[YOUR ASSIGNMENT]:
Could you reproduce every entry that follows, exactly as shown?

[GIVEN DATA]:
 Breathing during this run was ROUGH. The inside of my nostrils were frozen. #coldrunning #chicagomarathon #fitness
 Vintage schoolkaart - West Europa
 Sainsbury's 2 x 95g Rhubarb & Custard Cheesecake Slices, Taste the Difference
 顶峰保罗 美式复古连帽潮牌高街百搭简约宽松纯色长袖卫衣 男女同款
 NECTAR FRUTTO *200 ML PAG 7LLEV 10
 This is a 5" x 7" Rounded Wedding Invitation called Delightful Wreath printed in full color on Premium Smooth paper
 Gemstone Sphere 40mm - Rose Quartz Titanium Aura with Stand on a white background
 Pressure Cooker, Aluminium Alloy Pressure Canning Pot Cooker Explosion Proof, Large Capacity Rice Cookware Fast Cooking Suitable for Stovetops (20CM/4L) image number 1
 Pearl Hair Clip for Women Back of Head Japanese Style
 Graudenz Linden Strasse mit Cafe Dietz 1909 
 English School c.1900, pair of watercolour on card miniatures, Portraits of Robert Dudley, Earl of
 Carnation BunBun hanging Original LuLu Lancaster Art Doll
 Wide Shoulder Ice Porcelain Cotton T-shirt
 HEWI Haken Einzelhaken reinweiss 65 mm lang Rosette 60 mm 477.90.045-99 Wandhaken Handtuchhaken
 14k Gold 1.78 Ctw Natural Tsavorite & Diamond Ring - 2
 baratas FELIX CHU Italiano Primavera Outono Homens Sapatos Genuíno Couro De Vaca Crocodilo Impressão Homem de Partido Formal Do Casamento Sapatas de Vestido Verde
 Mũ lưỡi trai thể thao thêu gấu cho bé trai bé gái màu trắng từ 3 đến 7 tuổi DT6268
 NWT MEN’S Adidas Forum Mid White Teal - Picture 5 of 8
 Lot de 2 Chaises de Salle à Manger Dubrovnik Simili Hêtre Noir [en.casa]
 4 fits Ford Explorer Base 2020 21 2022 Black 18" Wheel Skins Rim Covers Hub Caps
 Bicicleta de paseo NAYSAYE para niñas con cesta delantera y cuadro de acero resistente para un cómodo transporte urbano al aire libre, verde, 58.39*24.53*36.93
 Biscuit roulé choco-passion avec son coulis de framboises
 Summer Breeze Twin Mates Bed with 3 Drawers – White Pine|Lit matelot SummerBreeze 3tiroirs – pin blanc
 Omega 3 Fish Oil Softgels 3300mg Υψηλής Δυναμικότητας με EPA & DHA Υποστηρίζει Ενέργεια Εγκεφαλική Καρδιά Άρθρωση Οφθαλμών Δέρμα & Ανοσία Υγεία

[ANSWER SPACE]:
 Breathing during this run was ROUGH. The inside of my nostrils were frozen. #coldrunning #chicagomarathon #fitness
 Vintage schoolkaart - West Europa
 Sainsbury's 2 x 95g Rhubarb & Custard Cheesecake Slices, Taste the Difference
 顶峰保罗 美式复古连帽潮牌高街百搭简约宽松纯色长袖卫衣 男女同款
 NECTAR FRUTTO *200 ML PAG 7LLEV 10
 This is a 5" x 7" Rounded Wedding Invitation called Delightful Wreath printed in full color on Premium Smooth paper
 Gemstone Sphere 40mm - Rose Quartz Titanium Aura with Stand on a white background
 Pressure Cooker, Aluminium Alloy Pressure Canning Pot Cooker Explosion Proof, Large Capacity Rice Cookware Fast Cooking Suitable for Stovetops (20CM/4L) image number 1
 Pearl Hair Clip for Women Back of Head Japanese Style
 Graudenz Linden Strasse mit Cafe Dietz 1909 
 English School c.1900, pair of watercolour on card miniatures, Portraits of Robert Dudley, Earl of
 Carnation BunBun hanging Original LuLu Lancaster Art Doll
 Wide Shoulder Ice Porcelain Cotton T-shirt
 HEWI Haken Einzelhaken reinweiss 65 mm lang Rosette 60 mm 477.90.045-99 Wandhaken Handtuchhaken
 14k Gold 1.78 Ctw Natural Tsavorite & Diamond Ring - 2
 baratas FELIX CHU Italiano Primavera Outono Homens Sapatos Genuíno Couro De Vaca Crocodilo Impressão Homem de Partido Formal Do Casamento Sapatas de Vestido Verde
 Mũ lưỡi trai thể thao thêu gấu cho bé trai bé gái màu trắng từ 3 đến 7 tuổi DT6268
 NWT MEN’S Adidas Forum Mid White Teal - Picture 5 of 8
 Lot de 2 Chaises de Salle à Manger Dubrovnik Simili Hêtre Noir [en.casa]
 4 fits Ford Explorer Base 2020 21 2022 Black 18" Wheel Skins Rim Covers Hub Caps
 Bicicleta de paseo NAYSAYE para niñas con cesta delantera y cuadro de acero resistente para un cómodo transporte urbano al aire libre, verde, 58.39*24.53*36.93
 Biscuit roulé choco-passion avec son coulis de framboises
 Summer Breeze Twin Mates Bed with 3 Drawers – White Pine|Lit matelot SummerBreeze 3tiroirs – pin blanc
 Omega 3 Fish Oil Softgels 3300mg Υψηλής Δυναμικότητας με EPA & DHA Υποστηρίζει Ενέργεια Εγκεφαλική Καρδιά Άρθρωση Οφθαλμών Δέρμα & Ανοσία Υγεία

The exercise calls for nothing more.